If the IP is identified as Denmark, then German, Faroese and Kalaallisut are supposed to be shown in the initial list (if, of course, a corresponding article in these languages is available).
Your IP probably wasn't identified as Denmark, which is quite possible if you used something like Tor, so the world's largest languages were shown.
If you don't see a language that interests you in the initial list, you can click "X more" and select the language that you need, and the next time it will be shown in the short list.
I know that Danish is similar to Norwegian and Swedish, but do you have data about the number of people in Denmark who are actually reading in these languages?
- IIRC wikipedia have its data about percentage of visit per language version per country? It should be possible to use the data in reverse to find out percentage of visit on specific language version in a specific country or subregion.
- You can also check the mediawiki language fallback tree?
Many times more read Swedish and Norwegian, than distant languages like Chinese. Especially if the article is better than the Danish one. Exact numbers unknown, but almost nobody in Denmark is able to read Chinese, almost everybody is able to read Swedish.
But I think Danish/Denmark is just an example, the problem is general for language-wikipedias. The solution is usable for en-wiki, not for the Wikipedias of other languages, and should not be implemented in these, in the current form.
I must admit to be extremely worried and sad for this attack against Wikipedia as a free dictionary. Cancel it as soon as possible, please.
I now see that part of the problem is the guess is made based on the number of native speakers in a country, not the number of readers, which is a very big mistake.
An important issue is the assumption is that everybody is logged in, and has set up their browser languages etc. Setting up browser languages manually is what nerds were doing in the Netscape times. We are writing 2016. And most users btw. are not registered Wikipedia accounts.
And finally, assumption should be made on basis of the language the Wikipedia is running, the IP solution is developed for en-wiki.
This experiment should be rolled back on all language wikipedias exept en-wiki, until an acceptable algorithm is found.
The guess is not based on the number of native speakers. We use the data from CLDR, which clearly doesn't refer only to native speakers—for example, the entry for Denmark puts English at 86%, which is obviously not the number of native English speakers in Denmark, but probably the number who know it in one way or another. If you can cite data about the number of people in Denmark who can read Swedish or any other language, you should add it there by clicking "add new" in the table.

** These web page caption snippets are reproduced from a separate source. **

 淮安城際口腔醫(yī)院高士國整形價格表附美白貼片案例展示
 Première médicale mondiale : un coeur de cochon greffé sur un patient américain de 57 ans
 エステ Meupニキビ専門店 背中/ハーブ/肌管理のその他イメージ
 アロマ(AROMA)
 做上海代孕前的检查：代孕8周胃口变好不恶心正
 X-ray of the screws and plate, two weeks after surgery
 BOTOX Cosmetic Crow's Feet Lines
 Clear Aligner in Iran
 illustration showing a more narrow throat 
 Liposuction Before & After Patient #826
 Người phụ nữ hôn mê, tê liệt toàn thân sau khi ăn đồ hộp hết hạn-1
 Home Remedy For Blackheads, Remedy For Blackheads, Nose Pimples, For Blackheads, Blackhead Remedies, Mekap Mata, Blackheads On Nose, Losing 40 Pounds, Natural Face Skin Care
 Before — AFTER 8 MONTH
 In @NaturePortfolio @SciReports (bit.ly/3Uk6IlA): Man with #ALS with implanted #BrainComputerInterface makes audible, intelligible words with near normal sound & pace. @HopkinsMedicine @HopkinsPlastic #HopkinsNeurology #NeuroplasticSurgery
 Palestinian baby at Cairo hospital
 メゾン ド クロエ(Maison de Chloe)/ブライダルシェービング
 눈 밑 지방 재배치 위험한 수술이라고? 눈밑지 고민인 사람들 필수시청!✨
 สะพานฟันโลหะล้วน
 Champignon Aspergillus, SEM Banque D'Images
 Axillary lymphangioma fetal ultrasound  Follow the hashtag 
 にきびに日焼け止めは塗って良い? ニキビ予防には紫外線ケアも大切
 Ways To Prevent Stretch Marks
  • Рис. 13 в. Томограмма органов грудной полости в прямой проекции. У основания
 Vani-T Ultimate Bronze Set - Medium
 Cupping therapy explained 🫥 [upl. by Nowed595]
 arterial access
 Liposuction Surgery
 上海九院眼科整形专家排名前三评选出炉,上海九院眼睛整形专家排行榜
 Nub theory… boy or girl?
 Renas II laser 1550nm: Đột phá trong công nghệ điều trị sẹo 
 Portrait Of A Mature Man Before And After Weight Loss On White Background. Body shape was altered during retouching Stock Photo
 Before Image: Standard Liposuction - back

Also, the software really doesn't assume that everybody is logged in. Obviously, the vast majority of readers are not registered. The languages that they click in the the "more" panel are automatically added to their preferred languages, and the research that we conducted showed that it works for casual readers.
As the FAQ says, the languages defined in the browser and the languages identified by geolocation are secondary to what users actually click. Once you click Swedish for example, you will see it in the compact list.
Technical question: How are »The languages that they click in the the "more" panel« added? Cookie? IP-address? Or?
Our research shows that Swedish (and any other language) is less accessible when it is part of a long list than it is through the panel that opens when you click the "more" button.
The Nynorsk Wikipedia defined other Scandinavian languages as preferred in , so they would appear at the top of the long list. The same can be done in the Danish Wikipedia, and Compact Language Links will pick it up (not yet today, but soon).
Which research? Link?
The CLDR list only cover how many people speak the language not how many people understand the language. For instance in Iceland it say 100% for Icelandic but only 0.7% for Danish and none for other Scandinavian languages. Hindi-Urdu and Malaysian-Indonesian are same language with different vocabulary under different name, but it does not have data for Hindi in Pakistan or data for Indonesian in Malay, and the data for Urdu in India or data for Malay in Indonesia is only ~10% the data for Hindi/Indonesian in respective country. Almost all country in the world have a number of people that hace at least a certain understanding in English but you can see how many regions in the list have English listed. And the list doesn't even have Libyan Arabic in Libya or Taiwanese(Min-nan) in Taiwan. There are also Iran and Iraq which have only listed Central and/or Southern Kurdish but not Kurdish in general.
And did your test ask users the accessibility to a specific language edition with the specific language's name given, or when the user don't know what they are lookibg for which is the most cases?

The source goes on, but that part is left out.